What you have to do =
Copy out exactly the lines from the start of the data to the line containing "De Moza Cotton Churidar-Length Leggings, Red". Include both.

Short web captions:
==================================================

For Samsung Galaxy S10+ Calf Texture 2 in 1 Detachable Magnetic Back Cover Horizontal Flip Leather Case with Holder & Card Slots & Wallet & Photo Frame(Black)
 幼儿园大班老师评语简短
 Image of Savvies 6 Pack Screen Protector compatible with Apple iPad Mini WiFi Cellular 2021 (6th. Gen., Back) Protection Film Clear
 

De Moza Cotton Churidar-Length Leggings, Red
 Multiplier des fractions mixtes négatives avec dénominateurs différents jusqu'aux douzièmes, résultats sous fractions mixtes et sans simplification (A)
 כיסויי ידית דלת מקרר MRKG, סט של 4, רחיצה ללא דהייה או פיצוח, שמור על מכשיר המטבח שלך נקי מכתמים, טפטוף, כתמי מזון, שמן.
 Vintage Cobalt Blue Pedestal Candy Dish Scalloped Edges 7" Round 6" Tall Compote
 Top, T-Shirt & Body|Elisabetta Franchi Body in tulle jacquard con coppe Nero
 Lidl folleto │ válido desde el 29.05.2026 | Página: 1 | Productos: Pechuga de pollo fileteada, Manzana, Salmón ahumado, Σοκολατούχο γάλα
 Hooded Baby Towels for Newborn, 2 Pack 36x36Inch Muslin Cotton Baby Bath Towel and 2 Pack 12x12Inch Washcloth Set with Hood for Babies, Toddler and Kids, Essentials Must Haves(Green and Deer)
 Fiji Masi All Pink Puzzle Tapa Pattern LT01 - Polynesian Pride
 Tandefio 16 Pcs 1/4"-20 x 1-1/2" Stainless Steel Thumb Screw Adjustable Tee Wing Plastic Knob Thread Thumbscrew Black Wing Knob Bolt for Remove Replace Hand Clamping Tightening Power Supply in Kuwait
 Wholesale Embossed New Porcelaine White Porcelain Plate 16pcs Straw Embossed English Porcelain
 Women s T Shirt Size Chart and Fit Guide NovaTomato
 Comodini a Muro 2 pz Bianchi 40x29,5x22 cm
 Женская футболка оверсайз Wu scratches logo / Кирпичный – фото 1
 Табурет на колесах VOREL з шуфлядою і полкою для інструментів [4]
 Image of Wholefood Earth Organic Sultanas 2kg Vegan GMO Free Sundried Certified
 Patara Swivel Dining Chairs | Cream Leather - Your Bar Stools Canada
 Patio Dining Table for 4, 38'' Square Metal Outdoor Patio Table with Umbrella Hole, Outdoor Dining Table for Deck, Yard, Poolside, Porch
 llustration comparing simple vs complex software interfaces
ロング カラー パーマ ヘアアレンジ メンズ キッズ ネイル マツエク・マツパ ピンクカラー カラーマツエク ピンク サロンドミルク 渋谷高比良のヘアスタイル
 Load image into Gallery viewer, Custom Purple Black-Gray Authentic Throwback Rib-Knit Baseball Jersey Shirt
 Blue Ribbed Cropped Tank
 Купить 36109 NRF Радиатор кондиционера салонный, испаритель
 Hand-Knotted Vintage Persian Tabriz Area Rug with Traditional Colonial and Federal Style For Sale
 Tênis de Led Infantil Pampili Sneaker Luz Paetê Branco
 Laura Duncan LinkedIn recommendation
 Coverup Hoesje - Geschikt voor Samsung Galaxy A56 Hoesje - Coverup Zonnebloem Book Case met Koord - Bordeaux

==================================================

Answer to the exercise =
For Samsung Galaxy S10+ Calf Texture 2 in 1 Detachable Magnetic Back Cover Horizontal Flip Leather Case with Holder & Card Slots & Wallet & Photo Frame(Black)
 幼儿园大班老师评语简短
 Image of Savvies 6 Pack Screen Protector compatible with Apple iPad Mini WiFi Cellular 2021 (6th. Gen., Back) Protection Film Clear
 

De Moza Cotton Churidar-Length Leggings, Red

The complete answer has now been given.